The training data for SEA-LION encompasses 980B tokens.
- **Developed by:** Products Pillar, AI Singapore
- **Funded by:** Singapore NRF
- **Model type:** Decoder
- **Languages:** English, Chinese, Indonesian, Malay, Thai, Vietnamese, Filipino, Tamil, Burmese, Khmer, Lao
- **License:** MIT License
## Training Details
### Data
SEA-LION was trained on 980B tokens of the following data:
| Data Source | Tokens | Percentage |
|---------------------------|-------:|:----------:|
| RefinedWeb - English | 571.3B | 58.20% |
| mC4 - Chinese | 91.2B | 9.29% |
| mC4 - Indonesian | 14.7B | 1.50% |
| mC4 - Malay | 2.9B | 0.29% |
| mC4 - Filipino | 5.3B | 0.54% |
| mC4 - Burmese | 4.9B | 0.49% |
| mC4 - Vietnamese | 63.4B | 6.46% |
| mC4 - Thai | 21.6B | 2.20% |
| mC4 - Lao | 1.1B | 0.12% |
| mC4 - Khmer | 3.9B | 0.40% |
| mC4 - Tamil | 10.2B | 1.04% |
| the Stack - Python | 41.8B | 4.26% |
| the Stack - Javascript | 55.6B | 5.66% |
| the Stack - Shell | 2.5B | 0.26% |
| the Stack - SQL | 12.8B | 1.31% |
| the Stack - Markdown | 26.6B | 2.71% |
| RedPajama - StackExchange | 21.2B | 2.16% |
| RedPajama - ArXiv | 30.6B | 3.12% |
### Infrastructure
SEA-LION was trained using [MosaicML Composer](https://github.com/mosaicml/composer)
on the following hardware:
| Training Details | SEA-LION 7B |
|----------------------|:------------:|
| AWS EC2 p4d.24xlarge | 32 instances |
| Nvidia A100 40GB GPU | 256 |
| Training Duration | 22 days |
### Configuration
| HyperParameter | SEA-LION 7B |
|-------------------|:------------------:|
| Precision | bfloat16 |
| Optimizer | decoupled_adamw |
| Scheduler | cosine_with_warmup |
| Learning Rate | 6.0e-5 |
| Global Batch Size | 2048 |
| Micro Batch Size | 4 |
## Technical Specifications
### Model Architecture and Objective
SEA-LION is a decoder model using the MPT architecture.
| Parameter | SEA-LION 7B |
|-----------------|:-----------:|
| Layers | 32 |
| d_model | 4096 |
| head_dim | 32 |
| Vocabulary | 256000 |
| Sequence Length | 2048 |
### Tokenizer Details
We sample 20M lines from the training data to train the tokenizer.<br>
The framework for training is [SentencePiece](https://github.com/google/sentencepiece).<br>
The tokenizer type is Byte-Pair Encoding (BPE).
## The Team
Lam Wen Zhi Clarence<br>
Leong Wei Qi<br>
Li Yier<br>
Liu Darius<br>
Lovenia Holy<br>
Montalan Jann Railey<br>
Ng Boon Cheong Raymond<br>
Ngui Jian Gang<br>
Nguyen Thanh Ngan<br>
Ong Tat-Wee David<br>
Rengarajan Hamsawardhini<br>
Susanto Yosephine<br>
Tai Ngee Chia<br>
Tan Choon Meng<br>
Teo Jin Howe<br>
Teo Leslie<br>
Teo Wei Yi<br>
Tjhi William<br>
Yeo Yeow Tong<br>
Yong Xianbin<br>
## Acknowledgements
AI Singapore is a national programme supported by the National Research Foundation, Singapore and hosted by the National University of Singapore.

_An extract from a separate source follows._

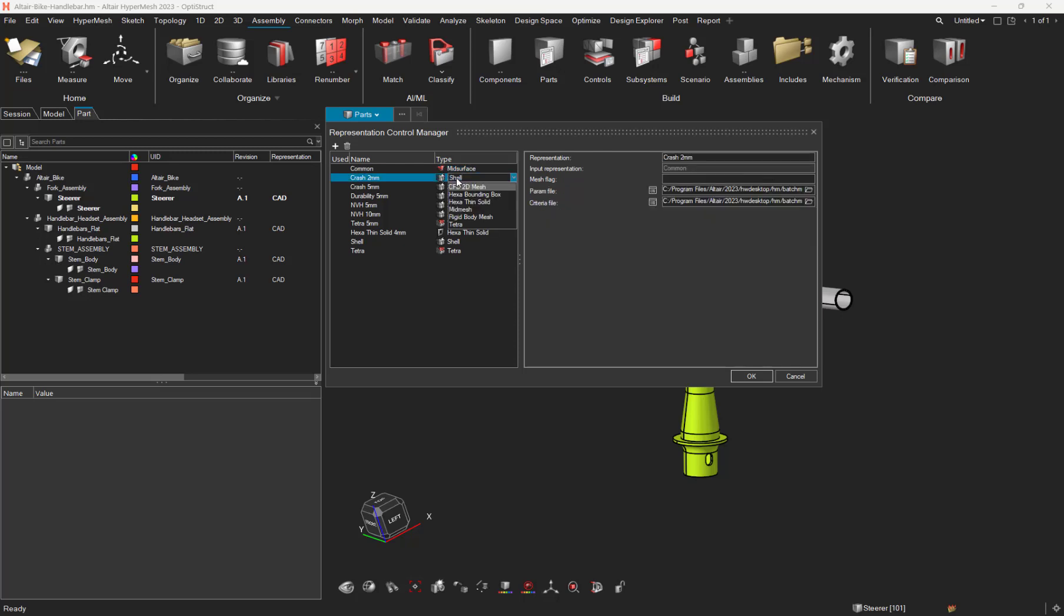And of course, all the shell representation controls are based on the common representation, etc. This flag is, as you can see, greyed, so you cannot change it. The goal is just to have a better understanding of the meshing mechanism, what is expected by HyperMesh.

Any opinions, findings and conclusions or recommendations expressed in this material are those of the author(s) and do not reflect the views of National Research Foundation, Singapore.
## Contact
For more info, please contact us at [email protected]
[Link to SEA-LION's GitHub repository](https://github.com/aisingapore/sealion)
## Disclaimer
This the repository for the base model.
The model has _not_ been aligned for safety.
Developers and users should perform their own safety fine-tuning and related security measures.
In no event shall the authors be held liable for any claim, damages, or other liability
arising from the use of the released weights and codes.